Complaints have been leveled at the Teaching American History program since its inception. “It’s just money thrown at a genuine problem,” has been among the most often heard complaints. Yes, much money is being offered, always in competitive application, to repair grievous defects in the preparation and intellectual nourishment of history teachers. But critics fail to see that at the very least those funds are doing no harm; in many cases, they’re doing much good. But these same critics, even if unaware, are unto something else—that the good that’s being done, at least temporarily, is likely to dissipate without a toughening of federal standards. And I see no evidence that either Congress or the Department of Education recognizes that danger.

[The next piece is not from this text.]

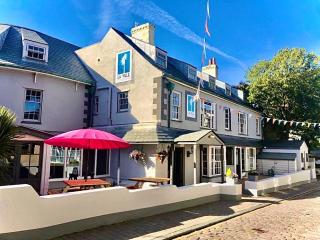 La Ville Hotel - Alderney - 0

Learning isn’t a short-term affair. To keep abreast of a field, to participate in its ongoing debates, to maintain oneself as a thinker in a discipline like history is never-ending and hard won. Learning and the will to learn must be sustained—by individual teachers and by the institutions of which they’re faculty members. Here’s where school systems so abysmally fail their teachers—and thus their students: there’s rarely a culture of learning in the schools, especially in public schools, the focus of the TAH program. Thus when the federal government comes along to provide funds to help teachers enlarge and sustain their learning, the news is greeted, as it should be, with elation.

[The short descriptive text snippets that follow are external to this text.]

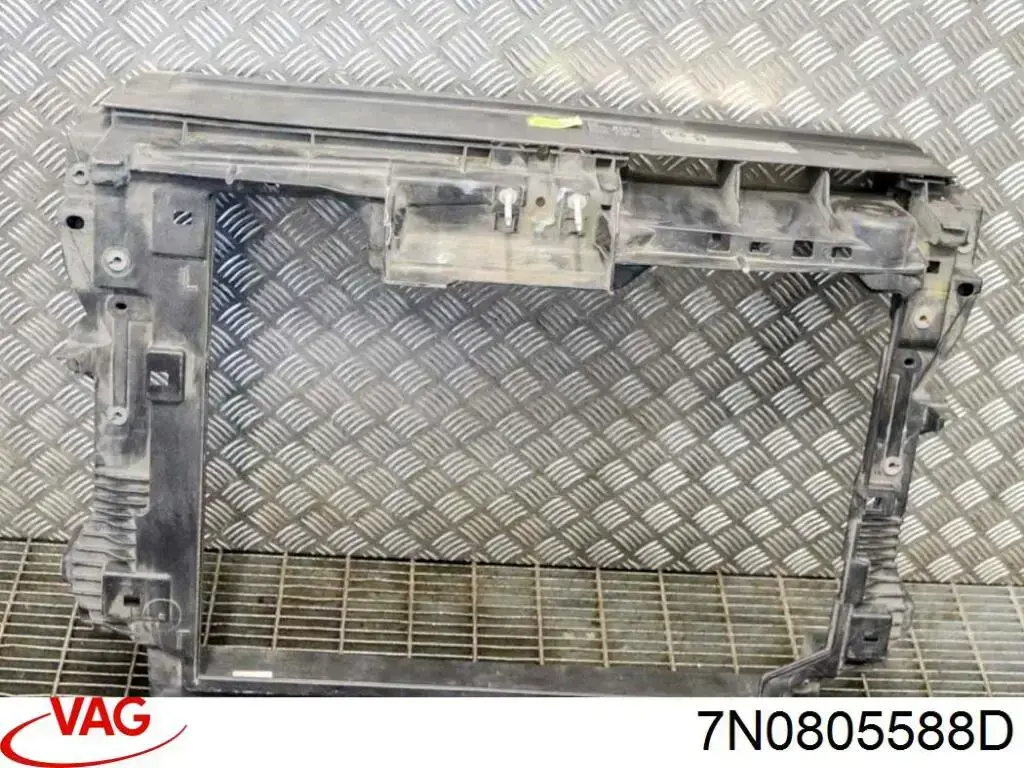 7N0805588D VAG Телевизор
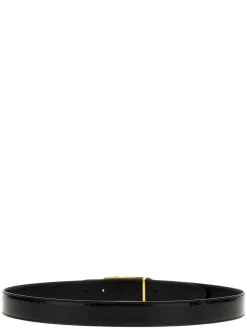 Logo Reversible Belt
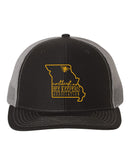NEMO Beekeeper Association Snapback Hat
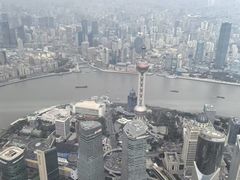 -上海中心大厦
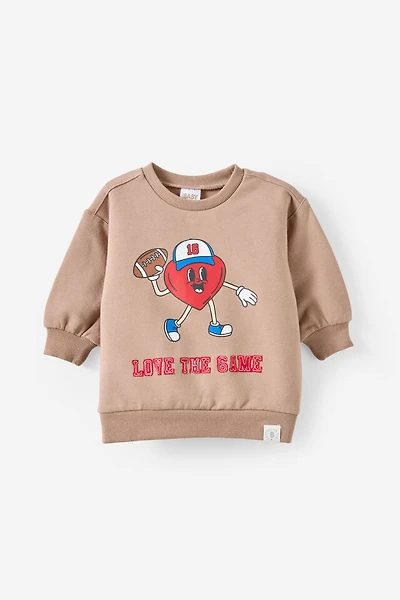 Riley Sweater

But it reflects sloppy thinking and blindness to experience to expect a culture of learning in any particular school or school system to be built upon three years of federal funding—indeed, upon three years of anything....

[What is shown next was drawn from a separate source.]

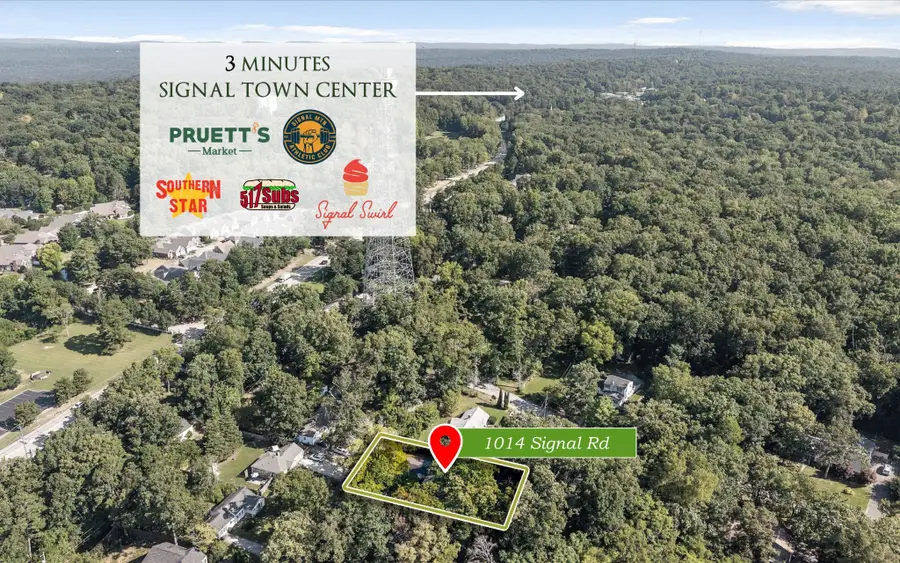 1014 Signal Road, Signal Mountain, TN 37377 - #3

What’s to be done? First, the Department of Education should, with all urgency, amend the regulations that govern the TAH program to require the provision of evidence about efforts to sustain each project beyond a grant term. The department should do so before the next competition. And if it can’t do that, TAH application materials should make clear the importance, if not the requirement, of evidence of sustainability. Second, prospective applicants for TAH funds should take it upon themselves to gain a leg up in always tough competitions for federal funds by thinking ahead as to how they’ll institutionalize the programs that they aspire to set up with federal support. What will all the institutions involved in each applying project do to sustain it? What funds will they commit? What efforts are already underway to do so? What are planned? Who will have responsibility for seeing to the project’s future? What experience in similar efforts do those people have?